Problem to work on. Although the entries contain pictures, only their words should be duplicated exactly.

Scraped caption text data:
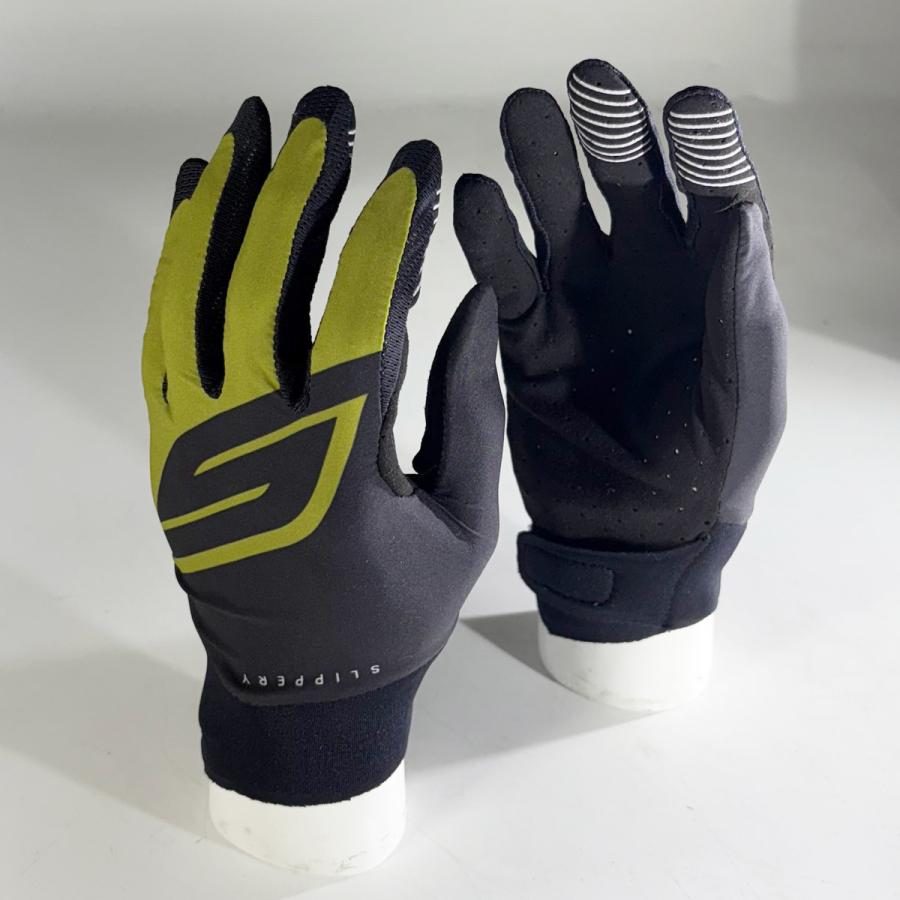 スリップリー FLEX フレックスグローブ ジェットグローブ マリングローブ ジェットスキー 水上バイク PWC スリッバリー 3260-035 |  | 10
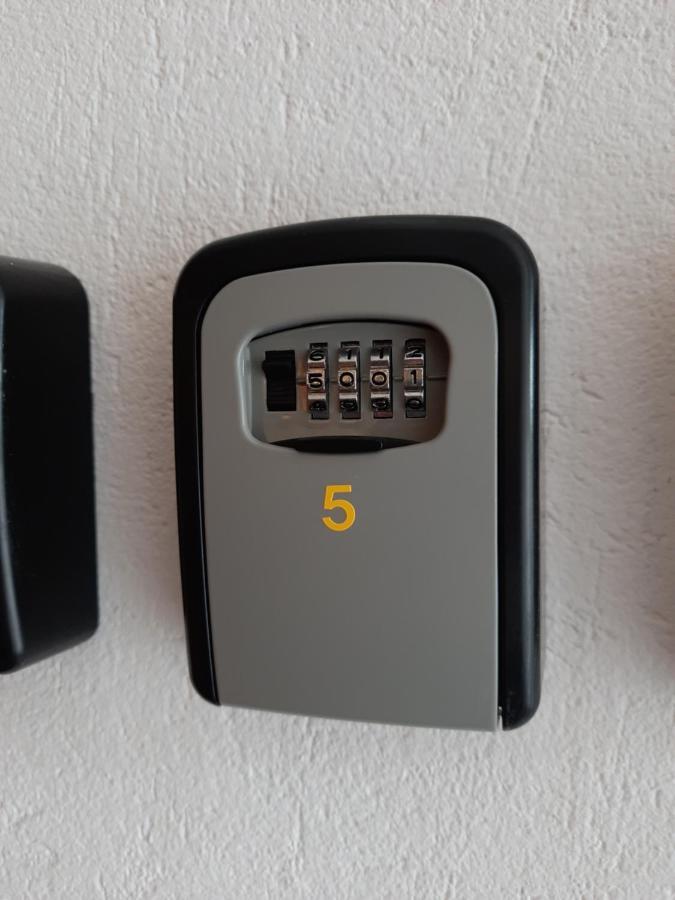 Apartament T.r.11 Nr 5 Olsztyn (Warmian-Masurian)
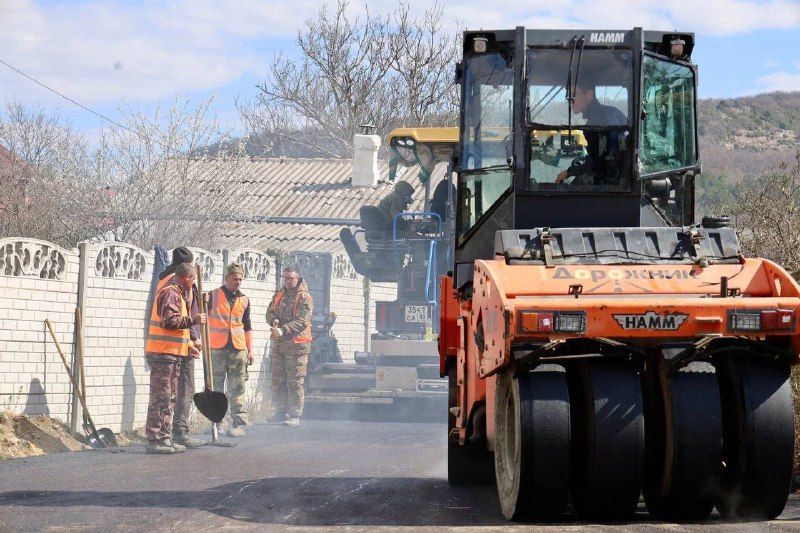 ����������� ������� �������������� �������������� �� ������ �����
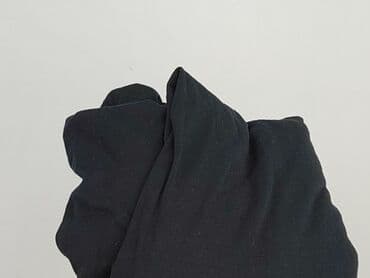 spódnice maxi jesienna: Topshop, Spódnica damska, rozmiar L — 6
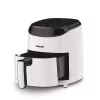 Kepimo indas be riebalų Zelmer ZAF3551W 3,5 L 1200 W juodai baltas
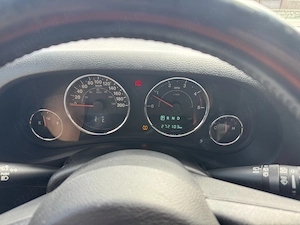Vand Jeep Wrangler JK Unlimited 2015   2.8 CRD, Automată, Modificări Omologate RAR - imagine 7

Task response.
 スリップリー FLEX フレックスグローブ ジェットグローブ マリングローブ ジェットスキー 水上バイク PWC スリッバリー 3260-035 |  | 10
 Apartament T.r.11 Nr 5 Olsztyn (Warmian-Masurian)
 ����������� ������� �������������� �������������� �� ������ �����
 spódnice maxi jesienna: Topshop, Spódnica damska, rozmiar L — 6
 Kepimo indas be riebalų Zelmer ZAF3551W 3,5 L 1200 W juodai baltas
Vand Jeep Wrangler JK Unlimited 2015   2.8 CRD, Automată, Modificări Omologate RAR - imagine 7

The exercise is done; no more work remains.